News | April 01, 2013

Loma Linda’s robotic positioning arm first in U.S. for patient’s use

April 1, 2013 — For more than three decades various forms of robotics have been effectively applied in healthcare to advance different types of medical treatment and surgical processes. Now, the nation’s first robotic positioning arm for proton therapy is being used by Loma Linda University Medical Center (LLUMC) to provide physicians improved access to tumors typically regarded as difficult to reach and treat.

An increasingly attractive alternative to standard photon beam radiation (or IMRT), a proton beam more effectively pinpoints cancerous tumors while minimizing contact with surrounding healthy bone and tissue.
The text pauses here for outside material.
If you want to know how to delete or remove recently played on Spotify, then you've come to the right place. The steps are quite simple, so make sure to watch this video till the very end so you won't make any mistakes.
The robotic positioning arm at LLUMC’s James M. Slater Proton Treatment and Research Center takes that effectiveness one step further by giving physicians improved access to reach tumors such as those in the liver, breast, prostate and lung.
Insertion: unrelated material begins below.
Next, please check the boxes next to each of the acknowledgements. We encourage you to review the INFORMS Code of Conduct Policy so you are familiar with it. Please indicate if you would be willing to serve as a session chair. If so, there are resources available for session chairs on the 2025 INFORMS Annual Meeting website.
The user-friendly, computer-controlled robotic arm in use at Loma Linda is the most advanced proton technology found anywhere in the world and combines the flexibility and accuracy needed for optimal treatment of a tumor. The robotic arm decreases the time needed to position a patient for proton treatments and verifies the location and dose of the prescribed treatment based on the patient’s individualized treatment plan. By assuring such accuracy and controlling the movement of the patient during treatment, the hospital is better able to precisely and safely target the tumor in a way that provides the correct therapeutic dose and avoids harm to healthy tissues surrounding the tumor.

“In addition to successfully treating the cancer itself, a patient’s comfort during treatment is of the utmost importance to us,” said Jerry D. Slater, M.D., chairman of the LLUMC center. “Not only does the robotic positioning arm allow proton beams to reach tumors more precisely, it’s also very comfortable for patients and helps alleviate some of the fears that traditionally accompany cancer treatment.”
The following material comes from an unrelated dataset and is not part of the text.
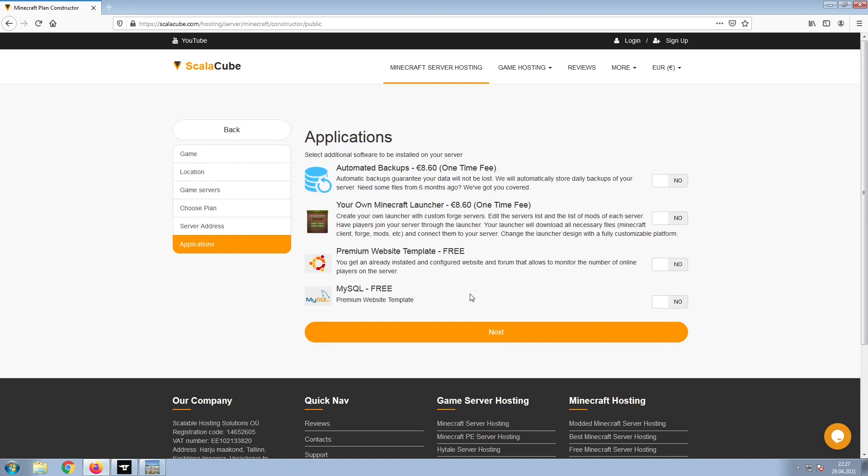Now, select any additional applications you would like your server to have. These can be selected at a later date.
Based on the expanded reach that the robotic positioning arm allows, physicians at LLUMC are now working on new clinical trials to study the effects of proton treatment on various types of tumors. According to Slater, “Since we have installed the robotic positioning arm, we have launched additional research studies such as our breast cancer trial to more closely examine the effects of treatment on tumors previously considered difficult to reach.”